Environmentally assisted fatigue crack propagation in steel

Abstract

The influence of various gasenous environments on fatigue crack propagation has been determined for three quenched and tempered steels with yield strength levels of 800 to 1400 MN/m2. The crack growth rate was increased by an order of magnitude in low pressure (13 KPa) hydrogen, and by a factor of two in most mildly aggressive environments relative to the growth rate in vacuum. The gases oxygen, acetylene, carbon monoxide, and nitrous oxide were dominant in a combined environment with hydrogen while methane and carbon dioxide had only a small effect on crack propagation when added to hydrogen.
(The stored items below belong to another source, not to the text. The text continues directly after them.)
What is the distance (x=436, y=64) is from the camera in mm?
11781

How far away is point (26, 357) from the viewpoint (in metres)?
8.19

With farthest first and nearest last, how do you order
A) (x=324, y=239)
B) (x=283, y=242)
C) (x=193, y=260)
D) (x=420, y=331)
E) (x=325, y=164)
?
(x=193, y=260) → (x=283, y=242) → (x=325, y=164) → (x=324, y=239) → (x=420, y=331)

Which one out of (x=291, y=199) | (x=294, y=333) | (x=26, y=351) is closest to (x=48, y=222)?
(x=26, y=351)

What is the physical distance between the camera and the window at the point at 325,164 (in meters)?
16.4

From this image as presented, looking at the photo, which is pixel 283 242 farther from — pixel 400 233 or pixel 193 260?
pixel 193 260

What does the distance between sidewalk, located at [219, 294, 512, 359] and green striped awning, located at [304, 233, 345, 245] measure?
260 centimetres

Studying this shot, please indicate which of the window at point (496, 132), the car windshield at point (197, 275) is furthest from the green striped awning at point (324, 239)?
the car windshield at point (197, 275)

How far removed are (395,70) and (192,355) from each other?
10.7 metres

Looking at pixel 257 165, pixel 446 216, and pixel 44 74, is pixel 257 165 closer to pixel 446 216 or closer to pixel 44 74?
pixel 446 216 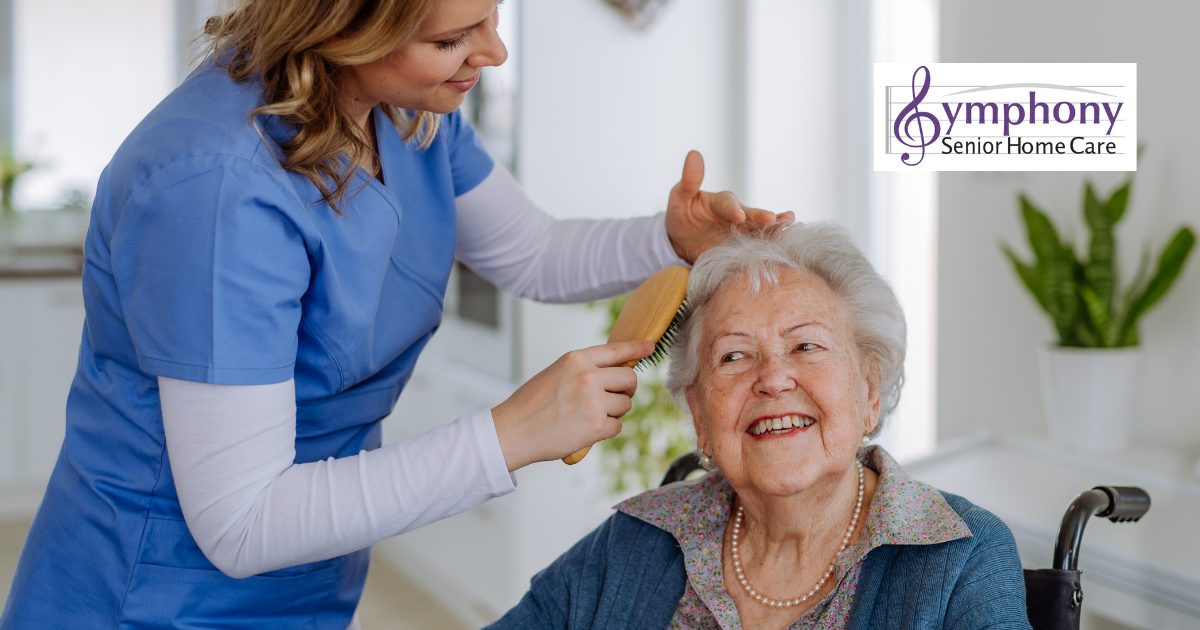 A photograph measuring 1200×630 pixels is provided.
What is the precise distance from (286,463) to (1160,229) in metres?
2.02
The crack propagation in acetylene was intermediate between that in hydrogen and the mildly aggressive environments. The increase in fatigue crack propagation rate in the hydrogen environment was dependent on the temperature and the cyclic stress intensity. The fracture mode was transgranular for all conditions except the hydrogen influenced HP-9-4-20 fractures. These results are discussed relative to various stages of the hydrogen embrittlement mechanisms. In pacticular, the results are discussed with respect to the adsorption-dissociation of the environment, transport of the gaseous specie within the plasticly deformed zone by mobile dislocations and interaction with segregated impurities within the metal.